[Short text fragments from websites]
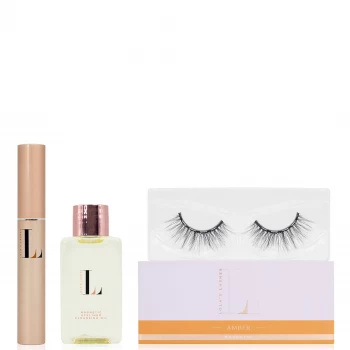 image of Lola's Lashes Amber Magnetic Eyelash Kit - Black Eyeliner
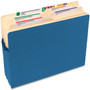 Smead Colored File Pockets, 3.5" Expansion, Letter Size, Blue View Product Image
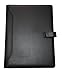 Produktbild Monolith 2000002900 - Schreibmappe Din A4, Lederoptik, schwarz, Dokumentenfächer, Druckknopfverschluss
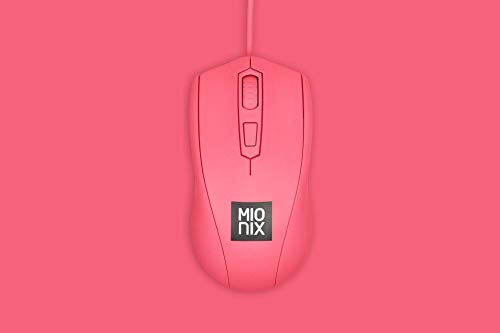 yÁzygpEJizMionix Avior Frosting Ambidextrous Optical Gaming Mouse (Peach/Pink) [sAi]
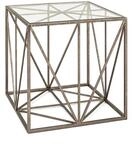 HAKU Beistelltisch Bronze Metall Couchtisch Sicherheitsglas 8 mm - Ma&szlig;e: B 50...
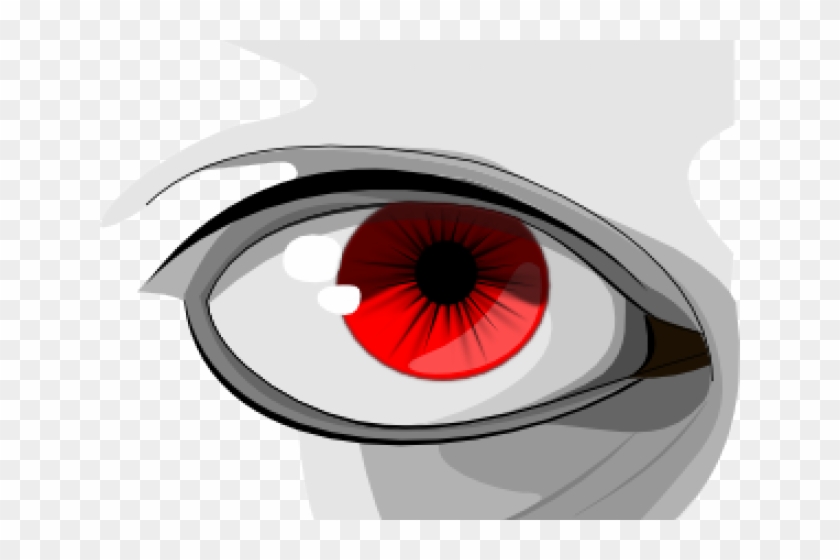 Red Eyes Clipart Angry - Eye Clip Art - Png Download #379289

→ **What the exercise asks**: Restate, exactly as they appear, the line with "HAKU Beistelltisch Bronze" and all the lines after it up to the end of the data above; images do not belong in the copy.

→ **Result of the exercise**:
 HAKU Beistelltisch Bronze Metall Couchtisch Sicherheitsglas 8 mm - Ma&szlig;e: B 50...
 Red Eyes Clipart Angry - Eye Clip Art - Png Download #379289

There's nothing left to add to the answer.